ふと、こんな素敵な女性との出会いが、今日ありました。

11月30日。私達の出版した、「海と森に囲まれもうひとつの学校 発達障害の子ども達にも寄り添って」のPR版が田原市内の新聞販売店から出されました。新聞を取っている家庭に配布されたのですが、枚数としては約10000枚くらいでしょうか。その読者の方々から、本の購読希望やら、またゆずりは学園を観たいとの電話。

 92歳だから、もう自分では運転は出来ないけど、一度観てみたいと言われます。今日は時間が取れる日でしたので、お迎えに伺いました。すると、受付の看護婦さん達から、新聞を見ましたと言われました。久しぶりに外に出ましたと言われます。森の中に案内いたしました。ゆずりはの木々を見ていただきました。ウッドでしばらく海を見ながら、お話します。ふと北山先生の話題になりました。昔からの友人だと言われます。北山先生のクリニックはゆずりは学園から、車で10分です。早速北山先生に電話しました。在宅されているとのこと。

 北山先生のご自宅での15年ぶりの再会です。お二人がその空白の時間を埋めるかのように、抱き合い、手を取り合い、わずか40分ほどでしたが、本当にすばらしい、この渥美半島の荒波を抜けてきた先駆者の二人の女性の会話を目の前に見て、お話を伺うことができました。
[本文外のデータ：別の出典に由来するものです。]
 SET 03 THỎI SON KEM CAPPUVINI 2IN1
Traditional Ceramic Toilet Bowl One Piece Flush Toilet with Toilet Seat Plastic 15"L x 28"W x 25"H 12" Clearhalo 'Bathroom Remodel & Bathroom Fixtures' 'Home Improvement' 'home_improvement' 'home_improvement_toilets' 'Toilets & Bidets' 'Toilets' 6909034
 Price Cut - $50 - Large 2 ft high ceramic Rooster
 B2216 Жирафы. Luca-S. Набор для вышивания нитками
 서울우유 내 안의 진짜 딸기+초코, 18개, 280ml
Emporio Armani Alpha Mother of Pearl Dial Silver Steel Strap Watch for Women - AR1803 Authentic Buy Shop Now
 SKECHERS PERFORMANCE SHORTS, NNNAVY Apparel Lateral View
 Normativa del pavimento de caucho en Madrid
 1冊の本が、お二人の長い時間を瞬間移動させてくれました。

午後は、この本の出版、また教育講演会の開催に助成してくださった神野財団の事務所にお礼に書籍を持っていきました。すると、もうすぐ印刷する会社の本でしょうか、それを見せて下さったのですが、そこにはゆずりは学園卒業生が、パンフレットに掲載されています。すてきな活動をしている写真です。
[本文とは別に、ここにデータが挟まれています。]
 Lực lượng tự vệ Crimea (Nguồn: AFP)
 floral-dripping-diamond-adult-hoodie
ひとり、またひとりと子ども達が社会に出て行っています。卒業生がもう会社を設立して頑張っています。とてもうれしいことです。少し寒くなった今日ですが、ゆずりは学園のウッドにも、そして豊橋の会社訪問にも、心温まる時間を過ごすことが出来ました。

 まだ、あと20年。やっとお二人の年齢になるのですが、さすがにその年齢までは頑張れないけど、大きな元気を頂いた一日でした。